According the Veteran Employment Situation Report, the Department of Labor’s (DOL) Bureau of Labor Statistics (BLS) report on the labor market is overall disappointing given the size of the American workforce, the country needs to be creating at least 200,000 plus new jobs to have any real economic growth. After two months of job growth with July having seen 255,000 new jobs, August saw job stagnation. The economy is going back into a malaise.
The good news is that the overall veteran unemployment rate fell from 4.7% to 4.3%. This again affirms that in spite of the slow recovery in the economy, veterans are finding employment at a better rate than non-veterans!
In reviewing where the new jobs were created, healthcare is still growing but at a slower rate. Mining employment continues to fall which is a bad sign. Mining is a deep forward leading indicator for jobs and manufacturing. When mining falls, it is an indication the economy is going south.
Disappointingly the labor force participation rate remained at 62.8%, the lowest in 40 years. This is disturbing because it means 37.2% of eligible workers are not participating in the labor force. You cannot have a vibrant or growing economy when nearly 40% of your workforce is not working. They are needed for productivity, taxes, creativity, etc. Additionally, the 37.2% become a drag on the economy as someone has to pay for their housing, food, healthcare and transportation. That someone is generally the tax payers who are working.
On the economic front, the Commerce Department this past Friday released their numbers and the economy actually did slightly WORSE than originally estimated. Growth was 1.1% in the second quarter of this year and less than 1.0% for the first six months of 2016. Historically, the American economy has grown at 2.0% or greater per year. That stopped in the last eight years. The business sector of the economy is slowly sinking into recession territory, something one would not realize listening to the political pundits and candidates. Corporate profits shrunk 2.4% per the Commerce Department.

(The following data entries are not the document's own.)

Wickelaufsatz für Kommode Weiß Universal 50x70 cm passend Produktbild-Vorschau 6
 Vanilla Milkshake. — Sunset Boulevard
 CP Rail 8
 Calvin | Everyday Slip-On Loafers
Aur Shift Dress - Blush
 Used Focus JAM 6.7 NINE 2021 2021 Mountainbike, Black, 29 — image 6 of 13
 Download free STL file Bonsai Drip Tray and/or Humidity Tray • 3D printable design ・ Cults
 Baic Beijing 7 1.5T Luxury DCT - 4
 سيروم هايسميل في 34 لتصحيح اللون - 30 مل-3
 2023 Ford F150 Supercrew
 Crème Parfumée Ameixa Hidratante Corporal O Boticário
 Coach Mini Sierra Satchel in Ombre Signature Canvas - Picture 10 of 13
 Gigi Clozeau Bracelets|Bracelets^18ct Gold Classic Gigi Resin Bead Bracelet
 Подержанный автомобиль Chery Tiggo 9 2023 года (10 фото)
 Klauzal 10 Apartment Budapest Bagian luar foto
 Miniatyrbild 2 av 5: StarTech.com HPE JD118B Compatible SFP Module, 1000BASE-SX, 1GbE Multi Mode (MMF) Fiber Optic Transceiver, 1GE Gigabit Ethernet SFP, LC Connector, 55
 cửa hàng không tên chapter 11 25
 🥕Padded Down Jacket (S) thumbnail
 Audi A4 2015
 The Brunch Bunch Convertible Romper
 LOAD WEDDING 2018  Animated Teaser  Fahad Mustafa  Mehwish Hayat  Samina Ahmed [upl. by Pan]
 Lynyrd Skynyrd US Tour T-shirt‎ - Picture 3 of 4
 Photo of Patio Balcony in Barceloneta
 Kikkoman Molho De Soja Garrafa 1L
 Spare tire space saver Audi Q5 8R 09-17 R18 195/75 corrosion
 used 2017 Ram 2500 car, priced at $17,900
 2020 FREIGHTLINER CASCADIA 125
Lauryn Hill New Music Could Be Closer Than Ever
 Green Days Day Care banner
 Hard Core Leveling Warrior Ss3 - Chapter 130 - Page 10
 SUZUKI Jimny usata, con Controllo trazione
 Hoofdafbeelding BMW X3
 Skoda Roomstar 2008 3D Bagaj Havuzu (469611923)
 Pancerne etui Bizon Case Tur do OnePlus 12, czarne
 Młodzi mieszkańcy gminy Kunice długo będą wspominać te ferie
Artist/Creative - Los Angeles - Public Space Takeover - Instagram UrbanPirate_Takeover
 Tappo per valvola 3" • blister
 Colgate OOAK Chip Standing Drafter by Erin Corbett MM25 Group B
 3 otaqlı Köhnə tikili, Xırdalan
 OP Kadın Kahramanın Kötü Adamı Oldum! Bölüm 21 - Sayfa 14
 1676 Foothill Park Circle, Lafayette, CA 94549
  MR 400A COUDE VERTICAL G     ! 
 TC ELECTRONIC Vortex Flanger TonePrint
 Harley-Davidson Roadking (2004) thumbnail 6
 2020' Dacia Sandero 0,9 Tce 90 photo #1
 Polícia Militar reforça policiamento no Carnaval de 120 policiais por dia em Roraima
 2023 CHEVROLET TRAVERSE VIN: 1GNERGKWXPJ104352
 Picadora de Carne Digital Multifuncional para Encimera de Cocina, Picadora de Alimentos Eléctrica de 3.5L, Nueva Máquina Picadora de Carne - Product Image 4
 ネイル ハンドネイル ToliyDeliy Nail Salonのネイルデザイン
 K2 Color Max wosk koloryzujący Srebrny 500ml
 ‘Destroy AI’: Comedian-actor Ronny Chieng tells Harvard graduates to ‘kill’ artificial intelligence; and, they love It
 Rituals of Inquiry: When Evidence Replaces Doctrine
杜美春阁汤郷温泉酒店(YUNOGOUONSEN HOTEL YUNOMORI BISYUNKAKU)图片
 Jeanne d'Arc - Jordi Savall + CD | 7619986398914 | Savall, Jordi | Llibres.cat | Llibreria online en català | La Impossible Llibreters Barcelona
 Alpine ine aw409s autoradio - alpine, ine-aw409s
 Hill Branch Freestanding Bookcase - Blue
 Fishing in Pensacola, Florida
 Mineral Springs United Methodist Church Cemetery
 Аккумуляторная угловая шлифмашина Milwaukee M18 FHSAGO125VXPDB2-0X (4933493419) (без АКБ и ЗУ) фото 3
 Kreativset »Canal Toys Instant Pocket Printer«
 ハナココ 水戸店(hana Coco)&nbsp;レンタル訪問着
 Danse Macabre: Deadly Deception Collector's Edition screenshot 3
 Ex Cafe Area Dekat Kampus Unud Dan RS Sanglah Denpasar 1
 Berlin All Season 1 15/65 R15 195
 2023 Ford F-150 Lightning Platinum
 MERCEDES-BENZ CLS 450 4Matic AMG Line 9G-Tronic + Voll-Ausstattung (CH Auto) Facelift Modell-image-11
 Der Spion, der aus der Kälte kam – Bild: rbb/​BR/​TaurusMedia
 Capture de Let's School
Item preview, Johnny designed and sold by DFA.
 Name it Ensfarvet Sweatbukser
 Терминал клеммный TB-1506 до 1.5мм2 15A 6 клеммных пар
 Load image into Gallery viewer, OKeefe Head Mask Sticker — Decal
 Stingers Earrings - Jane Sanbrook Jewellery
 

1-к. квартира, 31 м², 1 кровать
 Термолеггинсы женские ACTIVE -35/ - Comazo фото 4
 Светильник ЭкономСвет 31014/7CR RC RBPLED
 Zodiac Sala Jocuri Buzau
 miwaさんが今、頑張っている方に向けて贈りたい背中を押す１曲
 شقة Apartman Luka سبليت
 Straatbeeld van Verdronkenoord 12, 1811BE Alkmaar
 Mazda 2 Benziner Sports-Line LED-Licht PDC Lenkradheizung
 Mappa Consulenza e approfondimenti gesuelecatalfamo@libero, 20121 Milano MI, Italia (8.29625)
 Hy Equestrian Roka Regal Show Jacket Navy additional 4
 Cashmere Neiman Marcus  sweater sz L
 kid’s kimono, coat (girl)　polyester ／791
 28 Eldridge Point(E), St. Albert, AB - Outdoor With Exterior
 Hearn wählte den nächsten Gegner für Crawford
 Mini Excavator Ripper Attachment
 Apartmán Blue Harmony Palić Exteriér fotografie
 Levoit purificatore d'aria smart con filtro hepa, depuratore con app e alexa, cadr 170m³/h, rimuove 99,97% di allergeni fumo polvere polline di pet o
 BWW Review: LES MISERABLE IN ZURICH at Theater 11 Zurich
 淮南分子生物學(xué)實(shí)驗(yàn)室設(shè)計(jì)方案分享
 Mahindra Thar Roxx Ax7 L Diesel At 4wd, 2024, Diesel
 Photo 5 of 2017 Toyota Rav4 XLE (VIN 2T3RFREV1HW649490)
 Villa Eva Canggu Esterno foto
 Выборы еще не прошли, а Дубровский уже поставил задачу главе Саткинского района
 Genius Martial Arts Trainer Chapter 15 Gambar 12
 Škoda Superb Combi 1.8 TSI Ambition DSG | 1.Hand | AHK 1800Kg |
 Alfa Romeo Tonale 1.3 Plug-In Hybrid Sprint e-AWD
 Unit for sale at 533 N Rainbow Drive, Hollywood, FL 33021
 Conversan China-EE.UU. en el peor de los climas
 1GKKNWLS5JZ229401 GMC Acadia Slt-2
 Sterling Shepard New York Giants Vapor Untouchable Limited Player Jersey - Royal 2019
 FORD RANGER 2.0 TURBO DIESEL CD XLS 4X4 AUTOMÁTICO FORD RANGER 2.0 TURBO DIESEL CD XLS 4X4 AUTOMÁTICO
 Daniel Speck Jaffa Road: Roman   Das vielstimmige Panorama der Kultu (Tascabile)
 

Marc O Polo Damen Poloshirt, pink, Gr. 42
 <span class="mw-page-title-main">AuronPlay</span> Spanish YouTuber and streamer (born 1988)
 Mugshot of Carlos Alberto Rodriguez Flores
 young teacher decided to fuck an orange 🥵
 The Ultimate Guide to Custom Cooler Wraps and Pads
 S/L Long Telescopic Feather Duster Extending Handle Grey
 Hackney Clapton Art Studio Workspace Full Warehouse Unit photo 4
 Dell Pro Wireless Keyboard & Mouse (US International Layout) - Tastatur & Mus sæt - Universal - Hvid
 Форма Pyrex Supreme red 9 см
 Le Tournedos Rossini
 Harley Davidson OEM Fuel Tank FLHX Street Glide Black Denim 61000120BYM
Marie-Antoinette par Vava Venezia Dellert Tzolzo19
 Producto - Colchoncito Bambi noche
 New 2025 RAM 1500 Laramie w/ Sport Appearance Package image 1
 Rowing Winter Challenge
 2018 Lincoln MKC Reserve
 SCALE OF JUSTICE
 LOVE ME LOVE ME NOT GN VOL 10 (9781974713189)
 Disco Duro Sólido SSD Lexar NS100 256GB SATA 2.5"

What has kept the economy out of negative territory is the consumer, but that’s only because consumers are spending more than they are earning. Consumer spending was up 4.0%, but incomes were only up 2.0%. Debt is again becoming a problem for many.
For years the polls have shown that Americans are hyper-concerned about the economy and job security. That was when the economy was growing at 2.0%. Now with the economy at only 1.0% growth, the United States isn’t just treading water, more families are being plunged underwater.
The slow recovery from the 2008 financial crisis is beyond anemic. Some of our political candidates and administration officials who keep saying how well the economy is doing seem to be living in an alternative universe. That is probably because so many of the pundits and economists live and work in Washington DC, which really is doing just fine due to federal dollars. Three of the five wealthiest counties in America are around DC. That should tell you a lot.
Another economic problem is the deficit. The Commerce Department says the deficit is now climbing again and is estimated at $600 billion this year. The red ink is headed back to $1 trillion on current course. Some states are facing 20% or more rise in Obamacare premiums this year and many health insurers are dropping out of Obamacare all together. The United States is now over $19 trillion in debt, with nearly half being racked up in the last eight years. This is a huge burden on both the economy and future generations of tax paying Americans.